### Aim of the task
All lines before the one containing "Quantum lamp LED", plus that line itself, are to be printed exactly as they appear below.
▼
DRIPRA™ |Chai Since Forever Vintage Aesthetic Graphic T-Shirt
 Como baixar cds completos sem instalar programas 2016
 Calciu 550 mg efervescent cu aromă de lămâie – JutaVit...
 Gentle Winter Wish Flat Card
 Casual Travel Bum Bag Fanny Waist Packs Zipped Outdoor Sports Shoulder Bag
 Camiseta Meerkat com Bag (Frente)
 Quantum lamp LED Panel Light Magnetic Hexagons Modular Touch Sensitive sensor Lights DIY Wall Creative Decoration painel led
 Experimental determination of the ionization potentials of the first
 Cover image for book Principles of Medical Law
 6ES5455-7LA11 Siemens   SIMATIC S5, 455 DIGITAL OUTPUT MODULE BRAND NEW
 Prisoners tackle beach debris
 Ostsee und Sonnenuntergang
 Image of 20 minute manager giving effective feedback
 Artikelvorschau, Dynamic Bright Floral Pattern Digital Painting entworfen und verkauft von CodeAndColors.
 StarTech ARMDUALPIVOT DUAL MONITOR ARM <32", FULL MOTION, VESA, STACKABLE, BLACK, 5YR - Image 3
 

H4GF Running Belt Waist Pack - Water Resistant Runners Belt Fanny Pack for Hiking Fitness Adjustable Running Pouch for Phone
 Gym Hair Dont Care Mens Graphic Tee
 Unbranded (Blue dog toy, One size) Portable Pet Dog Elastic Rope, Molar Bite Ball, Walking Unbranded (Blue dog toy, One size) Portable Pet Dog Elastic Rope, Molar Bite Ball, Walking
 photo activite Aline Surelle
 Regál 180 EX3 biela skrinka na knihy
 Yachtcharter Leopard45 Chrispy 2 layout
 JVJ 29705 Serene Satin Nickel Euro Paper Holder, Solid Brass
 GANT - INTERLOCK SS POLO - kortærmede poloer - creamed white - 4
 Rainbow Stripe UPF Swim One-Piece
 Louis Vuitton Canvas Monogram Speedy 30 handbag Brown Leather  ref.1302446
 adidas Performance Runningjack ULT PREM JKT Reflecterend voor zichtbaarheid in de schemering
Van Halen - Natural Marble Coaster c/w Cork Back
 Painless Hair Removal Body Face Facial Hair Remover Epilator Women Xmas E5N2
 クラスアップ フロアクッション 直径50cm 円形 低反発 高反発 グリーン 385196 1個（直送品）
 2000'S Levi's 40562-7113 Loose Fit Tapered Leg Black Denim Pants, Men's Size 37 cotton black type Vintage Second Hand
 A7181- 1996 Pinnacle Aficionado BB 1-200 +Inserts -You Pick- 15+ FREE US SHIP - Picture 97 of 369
▲
### Answer to the exercise
DRIPRA™ |Chai Since Forever Vintage Aesthetic Graphic T-Shirt
 Como baixar cds completos sem instalar programas 2016
 Calciu 550 mg efervescent cu aromă de lămâie – JutaVit...
 Gentle Winter Wish Flat Card
 Casual Travel Bum Bag Fanny Waist Packs Zipped Outdoor Sports Shoulder Bag
 Camiseta Meerkat com Bag (Frente)
 Quantum lamp LED Panel Light Magnetic Hexagons Modular Touch Sensitive sensor Lights DIY Wall Creative Decoration painel led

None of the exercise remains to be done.